Service Employees International Union (SEIU) Local 503 organized rallies in seven Oregon cities Nov. 21 to protest service, wage, and benefit cuts in Oregon’s in-home care program for the elderly and disabled. The union reports that over 400 home care workers, clients and supporters turned out.

Local 503 represents about 12,000 workers who are paid by the state to care for seniors and the disabled, plus another 7,500 who care for adults with developmental and mental illnesses. Contract bargaining is stalled over economics, and the two sides are entering mediation.

Local 503 spokesperson Ed Hershey said the state is proposing to cut the number of home care workers who get employer-provided health insurance by increasing the number of hours they must work to qualify from 80 hours a month to 130. That would save the state an estimated $9.6 million a year.

When the first home care worker group unionized in 2000, none of them had employer-provided health insurance. Today about 4,500 of them do.

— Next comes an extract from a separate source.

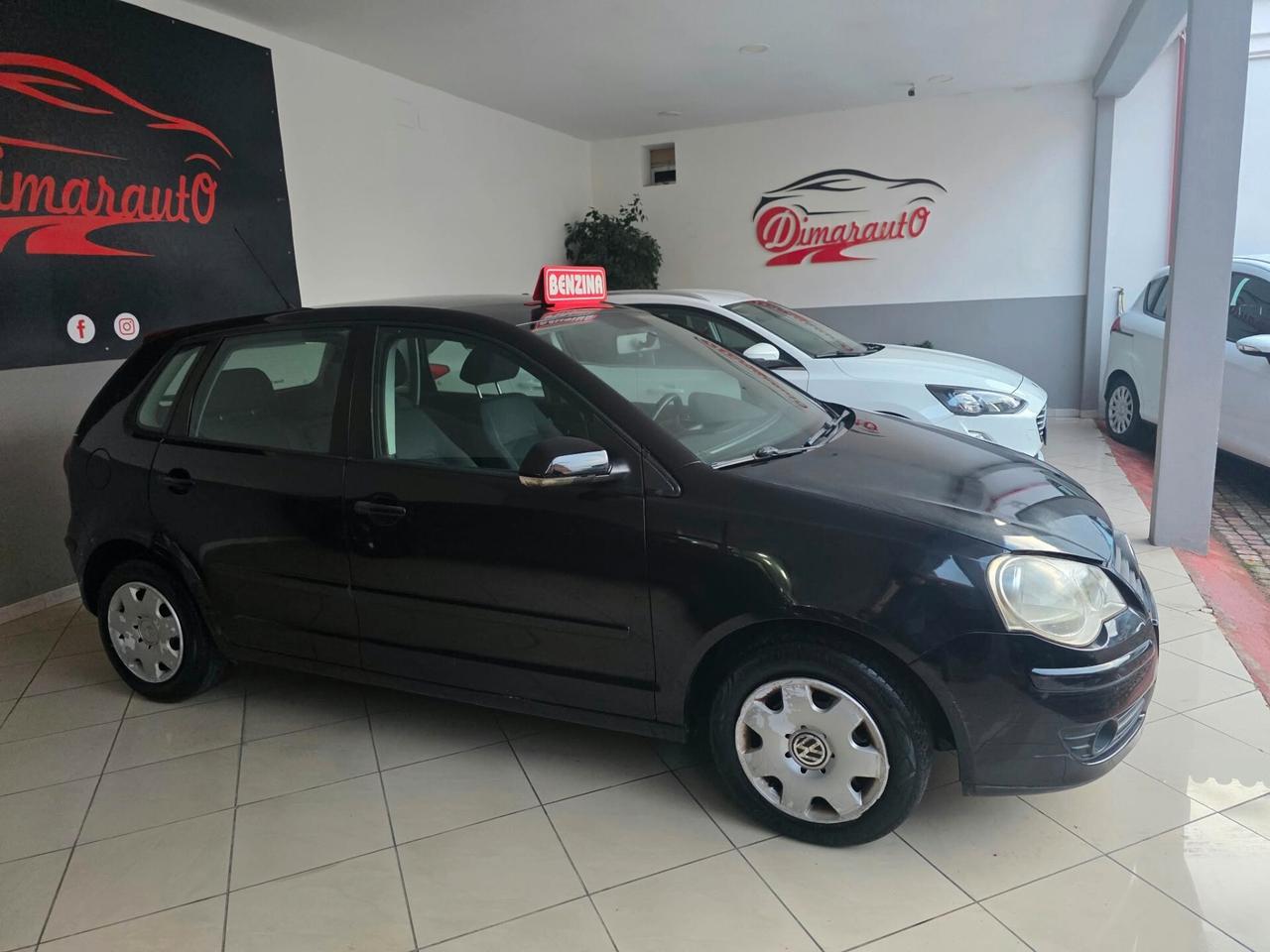 VOLKSWAGEN POLO 1.2 BENZINA 136.000 KM 2008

So the state’s proposal could result in 2,000 workers losing health coverage. The workers make $10.20 an hour, and have had no raise since 2007.

Making matters worse, a Jan. 1 program cut will reduce the workers’ hours. Under the state budget approved by the Legislature in June 2011, clients will have their hours of service reduced 5 percent on average (meaning workers will lose 5 percent of their hours on average.) The cut saves the state general fund $4.1 million.

It is unlawful for home care workers  to strike. Contracts are decided by binding arbitration. The last bargaining session was Nov. 17, while the first mediation session has yet to be scheduled.

Local 503 reported that nearly 200 took part in the Portland rally, and 75 in Salem, with smaller groups rallying in Medford, Eugene, Bend, Pendleton and Coos Bay.